Oil prices rose 5% in Biden’s words. Goldman Sachs predicts that the situation will come true and may rise by US$20 per barrel.

As tensions rise in the Middle East, particularly following Israel’s recent responses to Iranian military activity, the global oil market is feeling the repercussions. In a recent press conference, President Biden mentioned that discussions with Israel regarding potential airstrikes on Iranian oil facilities are underway. This announcement triggered an immediate 5% spike in international oil prices.

Goldman Sachs has projected that should Israel’s counteractions significantly disrupt Iranian oil production, prices could skyrocket by as much as $20 per barrel. Following a major missile attack on Israel by Iran, there are increasing fears of possible Israeli strikes on Iran’s oil sector as retaliation. When reporters inquired about his stance on such military actions, President Biden confirmed, “We are discussing that matter.”

On October 4, oil prices continued their upward trend, with West Texas Intermediate crude for November delivery rising 0.4% to $74 per barrel, while Brent crude for December delivery increased 0.5% to $78.19 per barrel. Satellite imagery has indicated that several oil tankers belonging to the National Iranian Oil Company have departed from the waters near the critical Kharg Island oil terminal, a key node for Iran’s oil exports.
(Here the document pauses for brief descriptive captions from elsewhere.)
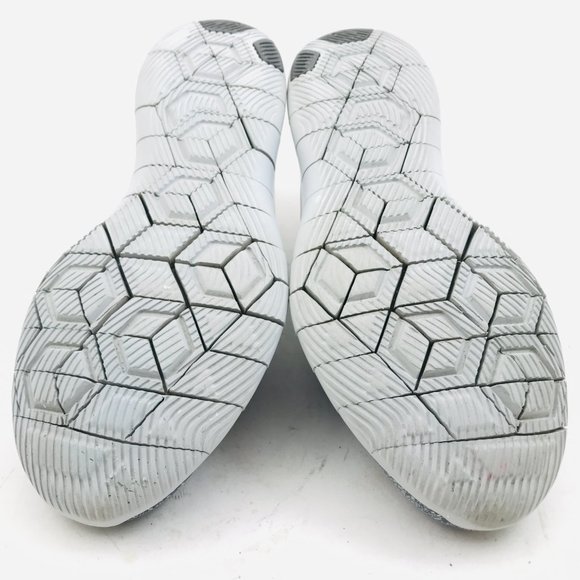 Nike Flex Contact Running Shoes Cool Gray/University Gray Mens Sz 8.5 908983-011 - Picture 9 of 11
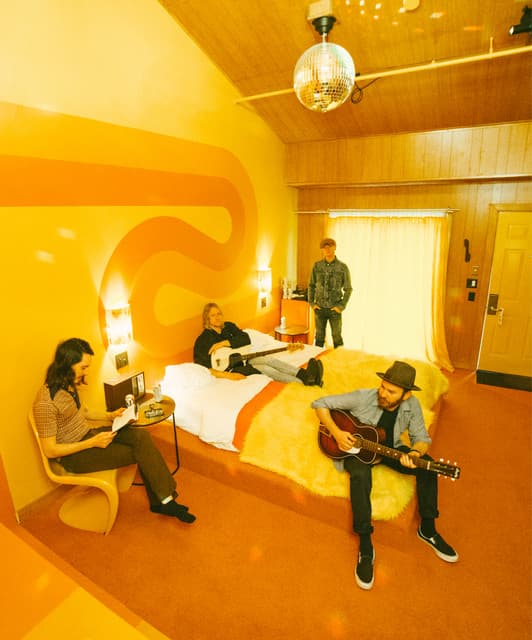 Lifehouse artist profile image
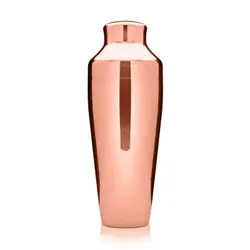 Шейкер 0,55 л Chrono медь нерж. Lumian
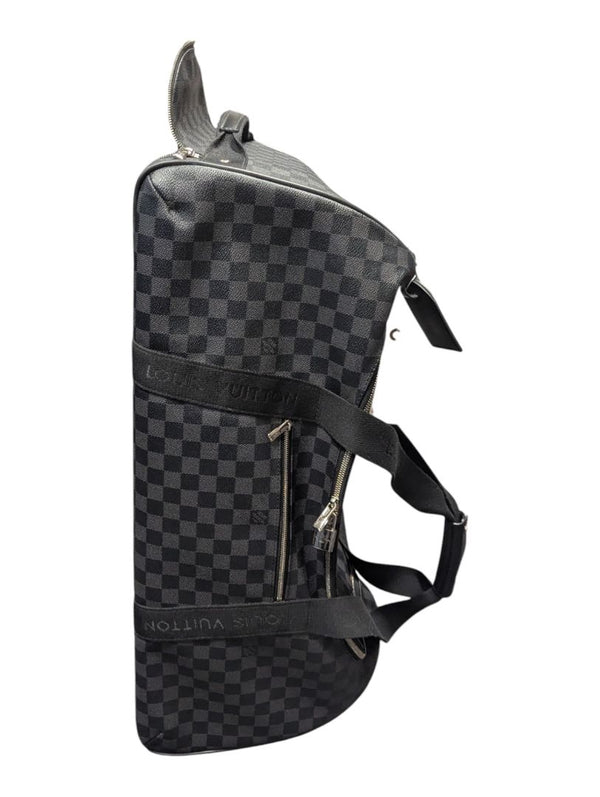 Louis Vuitton Neo Eole 65 Rolling Duffle Damier Graphite Canvas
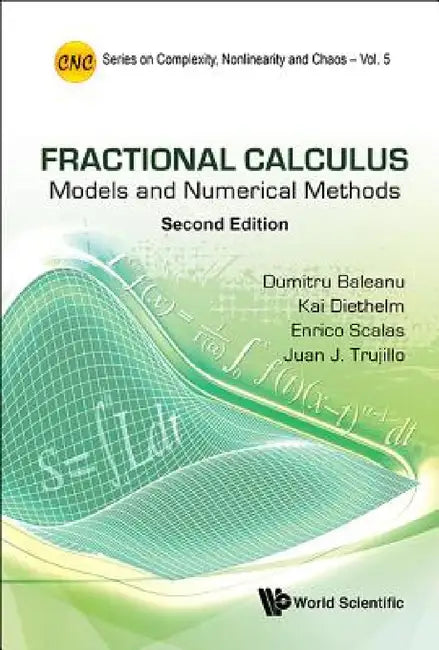 Fractional Calculus (English, Juan J. Trujillo | Enrico Scalas | Kai Diethelm)
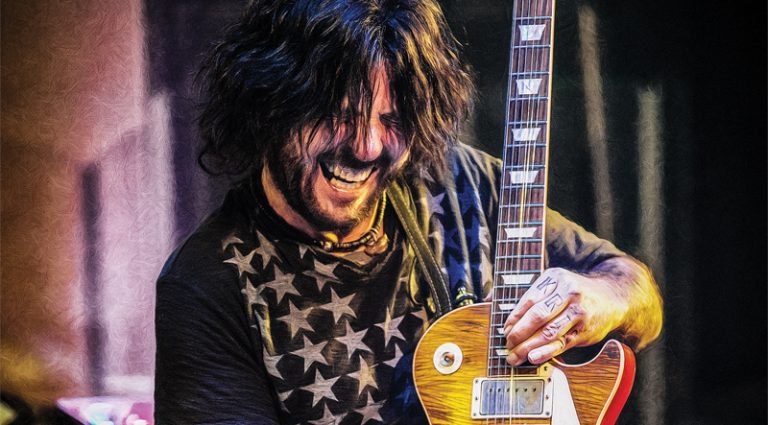 Tracii Guns Tracii Guns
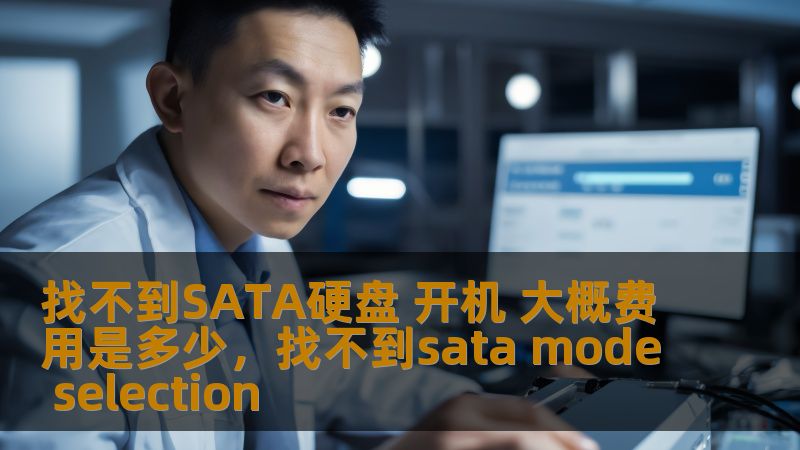 找不到SATA硬盘 开机 大概费用是多少,找不到sata mode selection 找不到SATA硬盘 开机 大概费用是多少,找不到sata mode selection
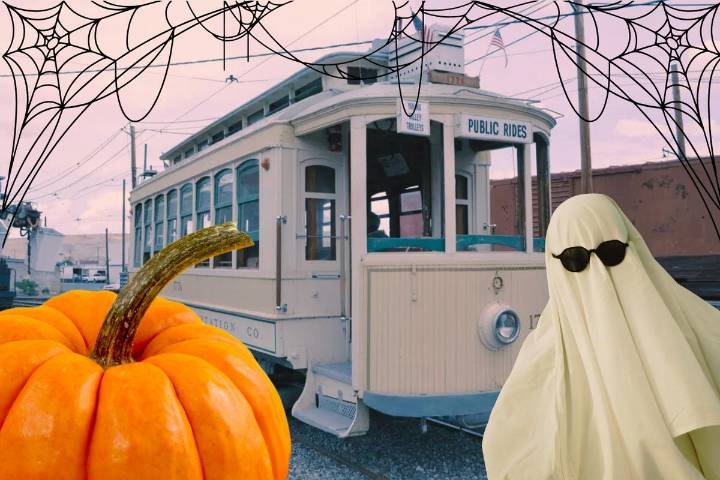 Get Spooked on the Halloween Trolley in Yakima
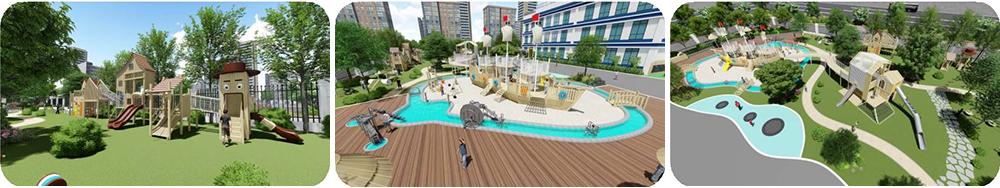 幼兒園滑梯設備 幼兒園滑梯設備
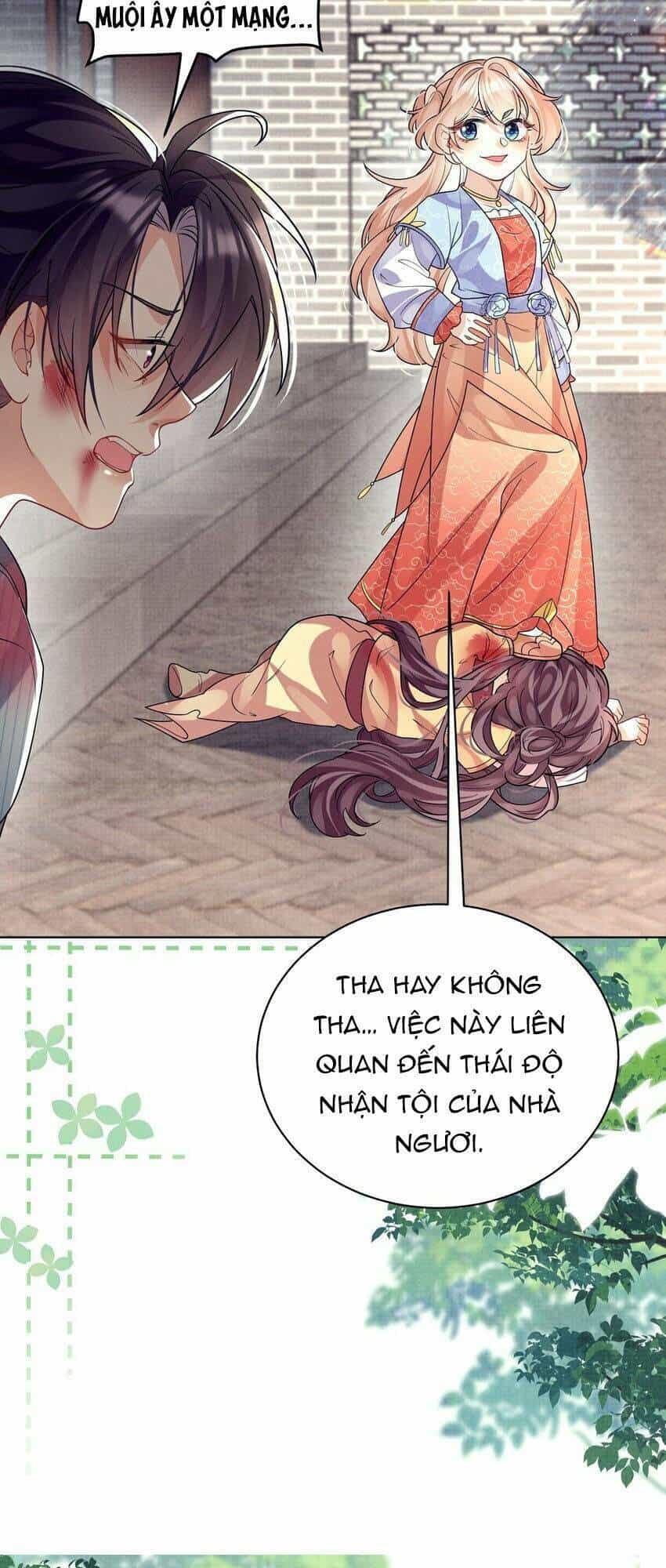 Phương Thức Nuôi Dưỡng Nhân Vật Phản Diện - Chương 32 - ảnh 27
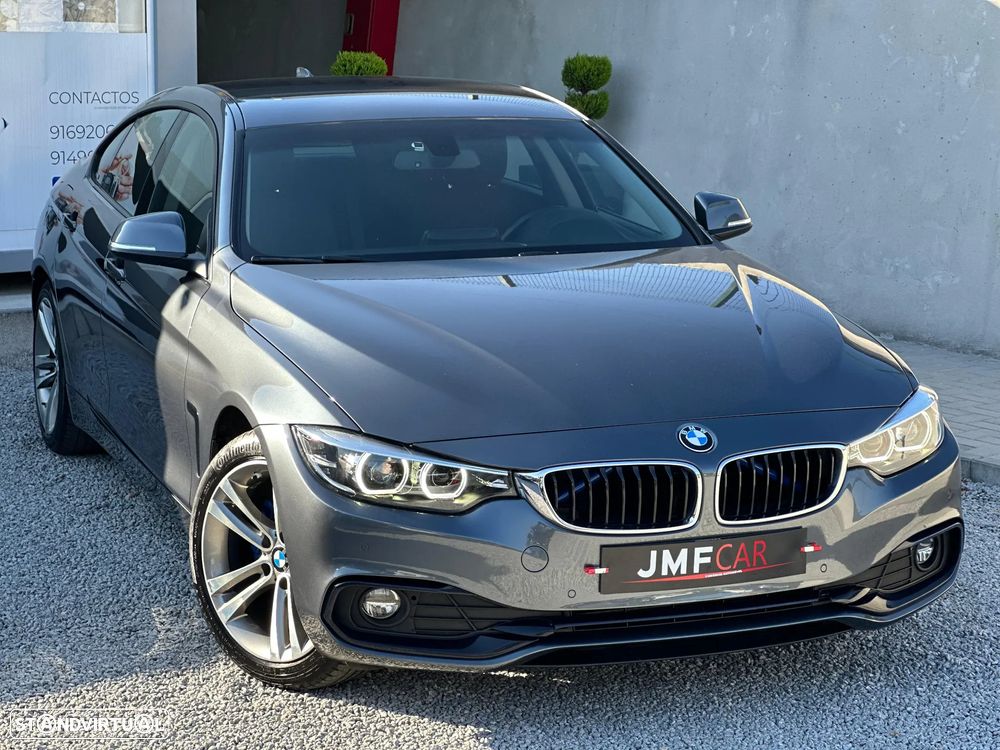 BMW 418 Gran Coupé d Advantage Auto - 1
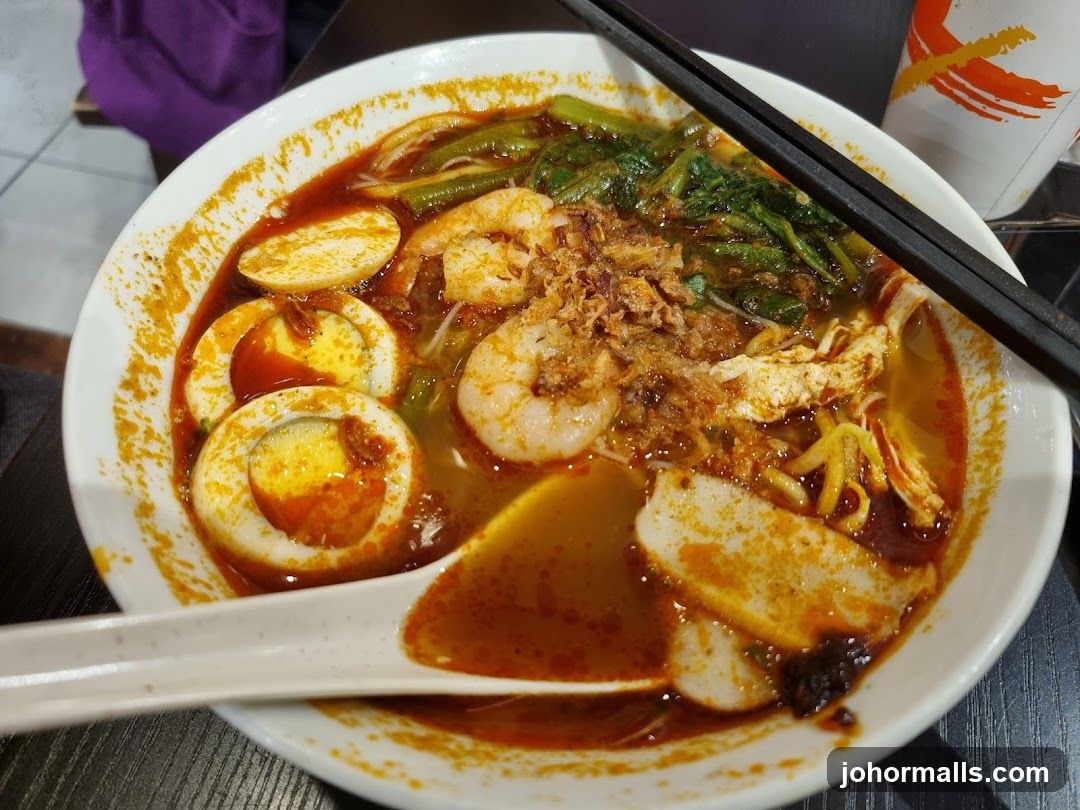 Noodle Soup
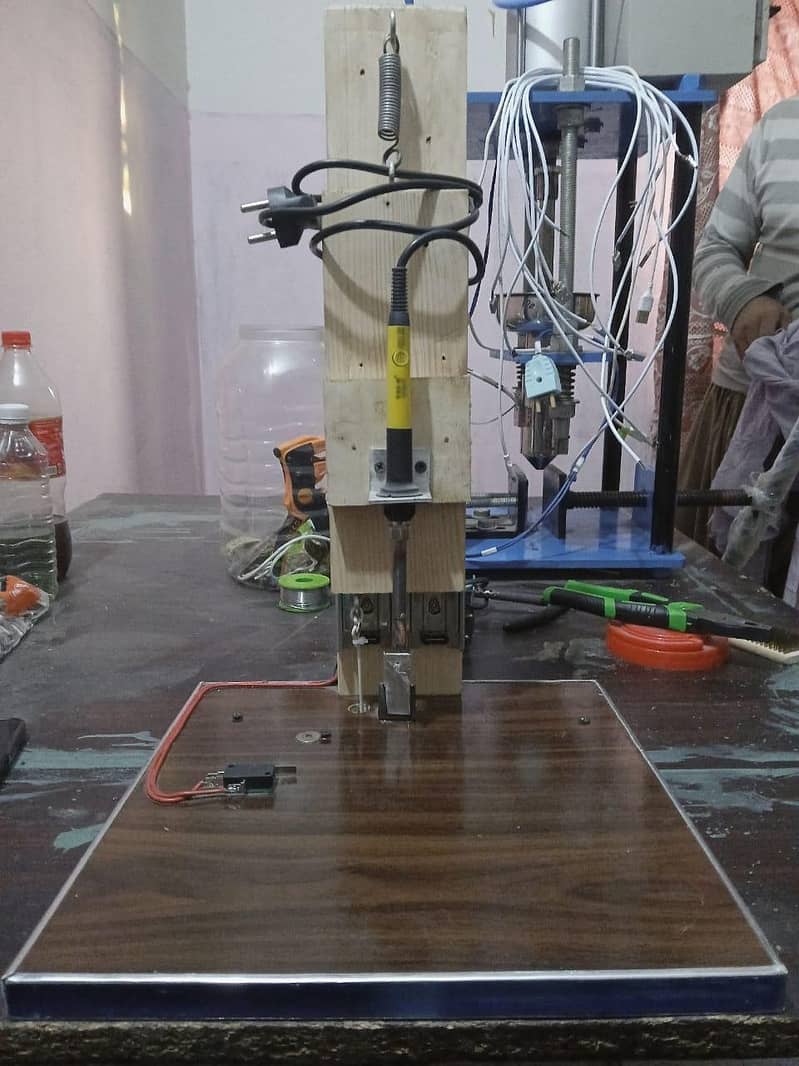 Data Cable Molding Machine | Android & Type-C Cable Making Setup 0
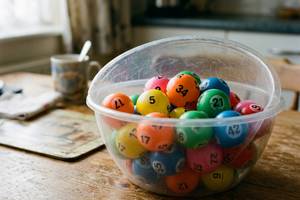 Lotto Max Simulator lottery game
Jeff Currie, co-head of global commodities research at Goldman Sachs, remarked, “If Iran’s production keeps declining by one million barrels per day, we could see oil prices peak at about $20 higher next year.” However, this scenario assumes that OPEC and its allies won’t ramp up production to offset the losses. If major OPEC+ players like Saudi Arabia and the UAE intervene to compensate for the production shortfall, the price increase could be more modest, around $10 per barrel.

Analysts are cautioning that the supply chain is under considerable threat. Should Iran’s oil infrastructure be targeted by Israeli operations, around 4% of the global oil supply could be at stake. Kavounis, a senior energy analyst at MST Marquee, highlighted that Kharg Island, which facilitates 90% of Iran’s oil exports, could indeed become a focal point. The prospect of a broader conflict raises significant concerns about the safety of navigation through the Strait of Hormuz.

A report from BMI, a research arm of Fitch Solutions, warned that if a full-scale war erupts, Brent crude prices could soar to $100 per barrel. If the Strait of Hormuz were to be blocked, prices might even climb to $150 per barrel or more.